Tapi tunggu, bukankah ide ini juga sudah pernah digadang-gadang dalam kurikulum sebelumnya? Oh iya, memang, kalau ditelusuri, dari KTSP ke Kurikulum 2013 sampai Kurikulum Merdeka, kata “Meaningful” ini sudah terpatri di sana. Tapi yaaa… sepertinya, konsep ini sebatas nama, belum benar-benar sampai pada penghayatan di lapangan. Sehingga, pertanyaan kita, apakah “Meaningful” ini bakal lebih meaningful dari sekadar wacana?
Ketiga, Joyful, Kebahagiaan yang Dirindukan di Ruang Kelas. Siapa yang tidak ingin belajar dengan rasa senang? “Joyful” adalah impian setiap siswa. Bahkan, guru sekalipun. Namun, bayangkan di kelas yang penuh dengan tumpukan tugas dan PR, bisa dibilang konsep “Joyful” seperti pungguk merindukan bulan. Di benak Pak Menteri, konsep “Joyful” berarti suasana yang positif, bebas dari tekanan, penuh canda tawa, di mana siswa merasa nyaman saat belajar. Sungguh menawan, bukan?
Tetapi, mari jujur saja, bagaimana konsep ini bisa tercipta ketika kurikulum masih padat dengan materi yang menuntut ketuntasan kompetensi yang begitu tinggi? Apalagi, dalam suasana ujian nasional, bayangan “Joyful” mungkin hanya akan berakhir pada tulisan di papan peresmian. Lalu, bagaimana guru-guru kita yang harus mengajar di tengah keterbatasan fasilitas dan tekanan birokrasi? “Joyful” sepertinya masih menjadi impian yang jauh lebih tinggi dari tiang bendera.
Apakah Kurikulum Merdeka Belajar Akan Digantikan?
Lantas, apakah kita sedang bersiap mengganti Kurikulum Merdeka dengan embel-embel baru lagi?
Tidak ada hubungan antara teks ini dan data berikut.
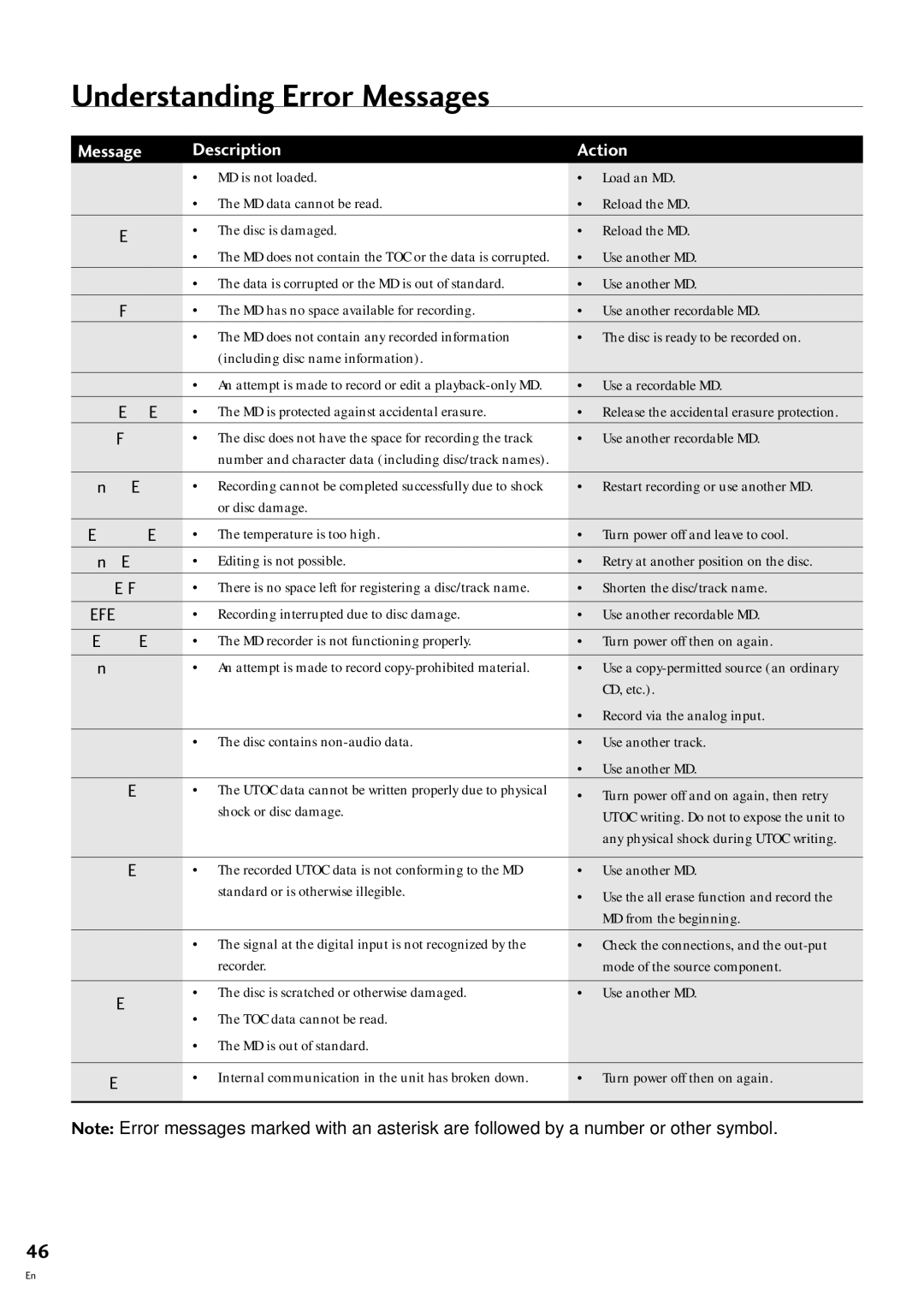 Pioneer MJ-L77 operating instructions Understanding Error Messages, Message Description Action 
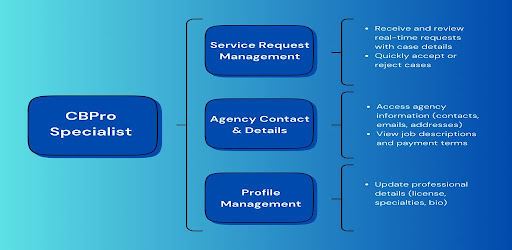 CBPro Specialist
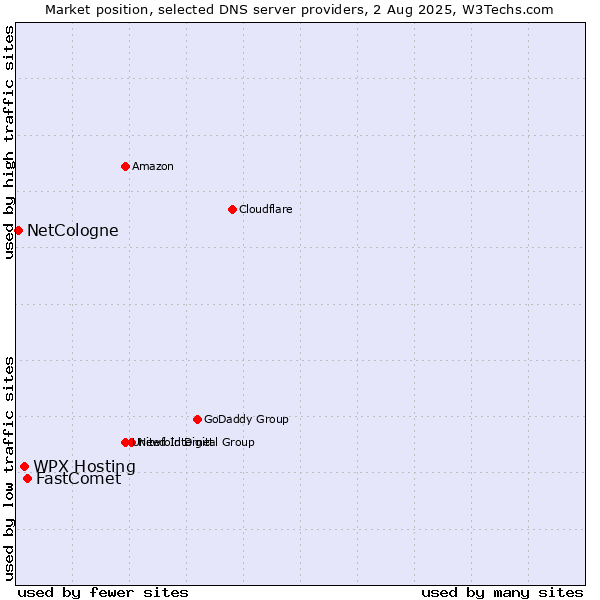 Market position of FastComet vs. WPX Hosting vs. NetCologne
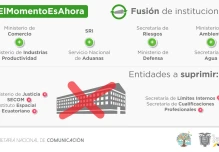 El Gobierno reduce el número de ministerios y quedan en 20 
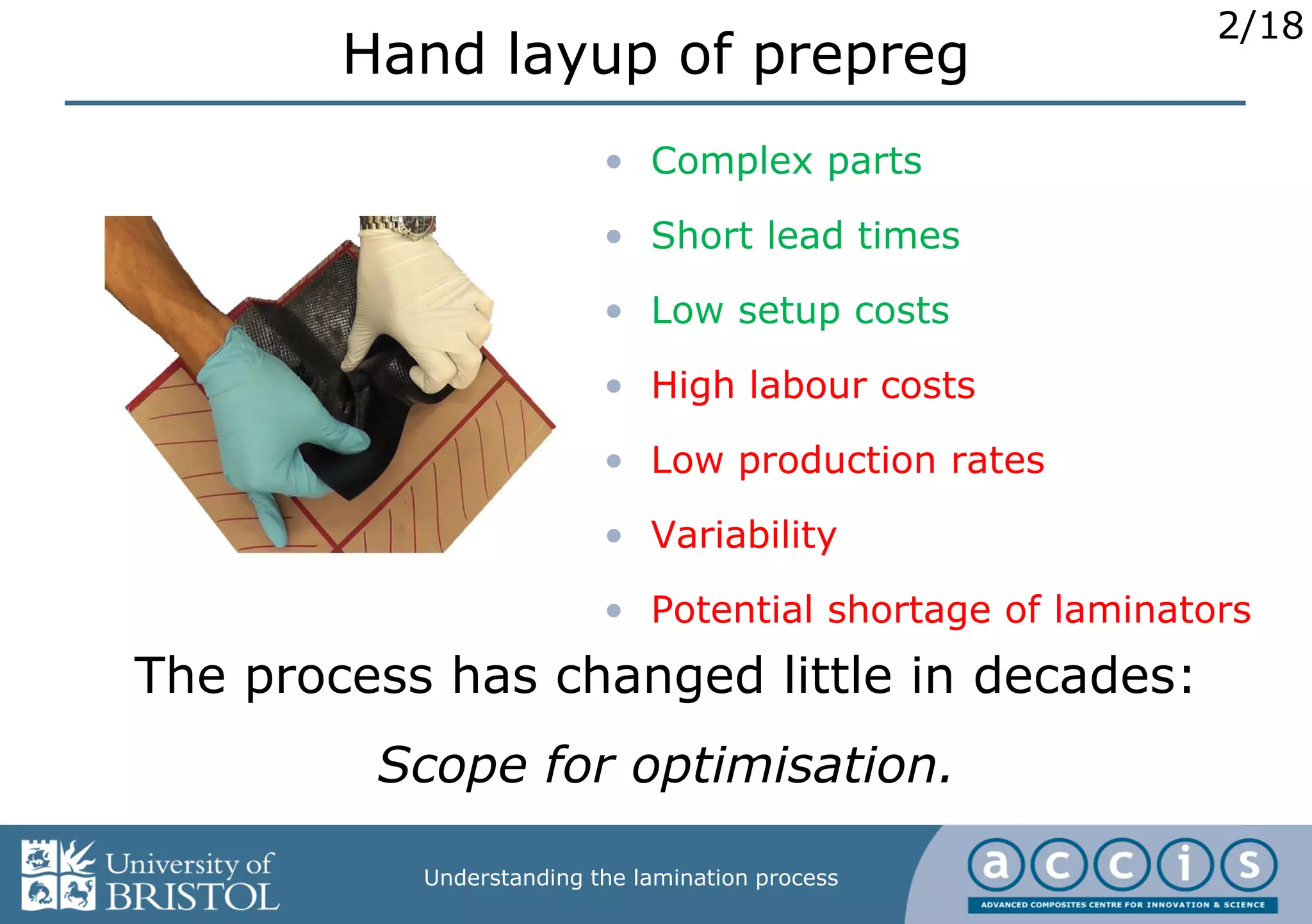 2/18
Understanding the lamination process
Hand layup of prepreg
• Complex parts
• Short lead times
• Low setup costs
• High labour costs
• Low production rates
• Variability
• Potential shortage of laminators
The process has changed little in decades:
Scope for optimisation.
 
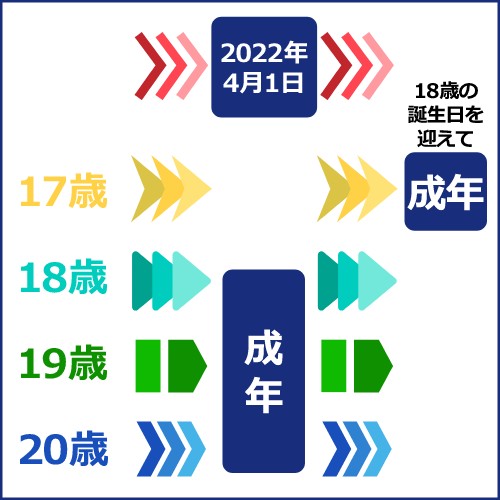 月1日を境に成年としてみなされる生まれ年と年齢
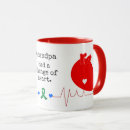 Search for heart transplant mugs Organ donation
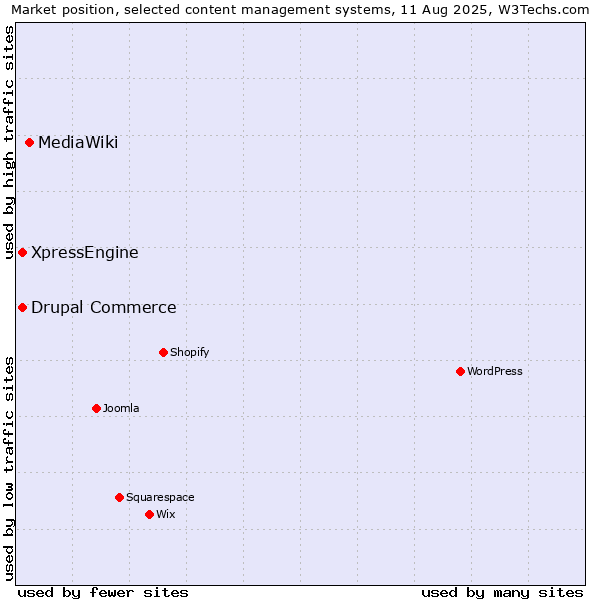 Market position of MediaWiki vs. Drupal Commerce vs. XpressEngine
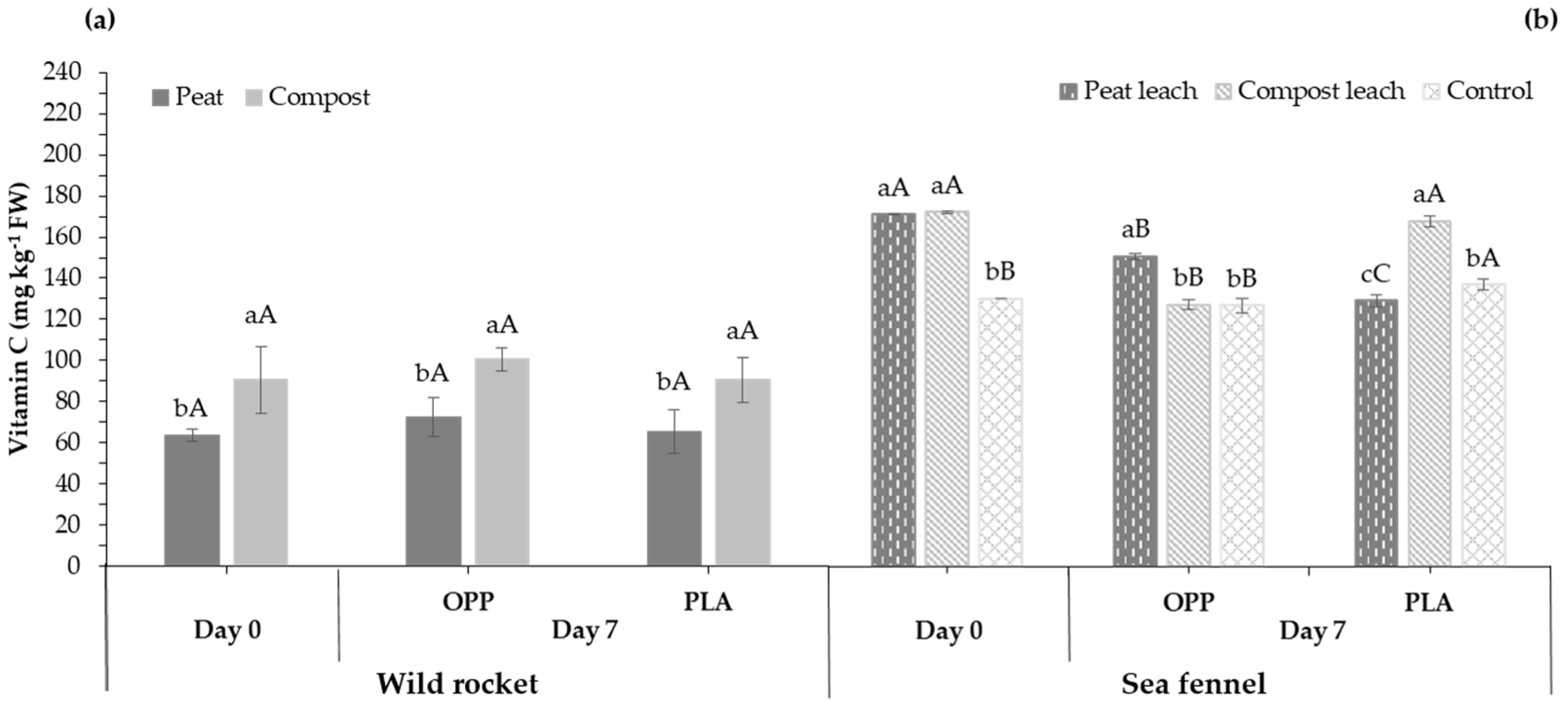Horticulturae 09 00621 g005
Atau ini hanya rebranding seperti membeli ponsel baru yang bentuknya sama, tapi kali ini diklaim lebih “smart”? Pak Menteri mungkin benar dalam satu hal, kita memang butuh perubahan, tetapi yang juga kita butuhkan adalah konsistensi, bukan pergantian demi pergantian. Perubahan kurikulum yang terlalu sering tanpa implementasi yang nyata justru hanya menambah kebingungan, baik bagi siswa, guru, maupun orang tua.
Siapkah Kita?
Akhir kata, ide “Mainfull, Meaningful, dan Joyful” adalah angin segar di dunia pendidikan kita yang kerap kali terasa pengap. Tapi, mari berharap konsep-konsep ini bukan sekadar jargon yang terdengar indah di permukaan. Agar kita tidak hanya berhenti pada wacana, melainkan bergerak pada implementasi nyata. Sesungguhnya, pendidikan adalah tentang membentuk karakter dan masa depan, bukan sekadar eksperimen istilah atau jargon belaka.
Mari kita tunggu dan lihat, apakah “Deep Learning” yang digadang-gadang ini benar-benar akan memberikan kedalaman atau hanya jadi slogan yang hilang tertiup angin kebijakan berikutnya.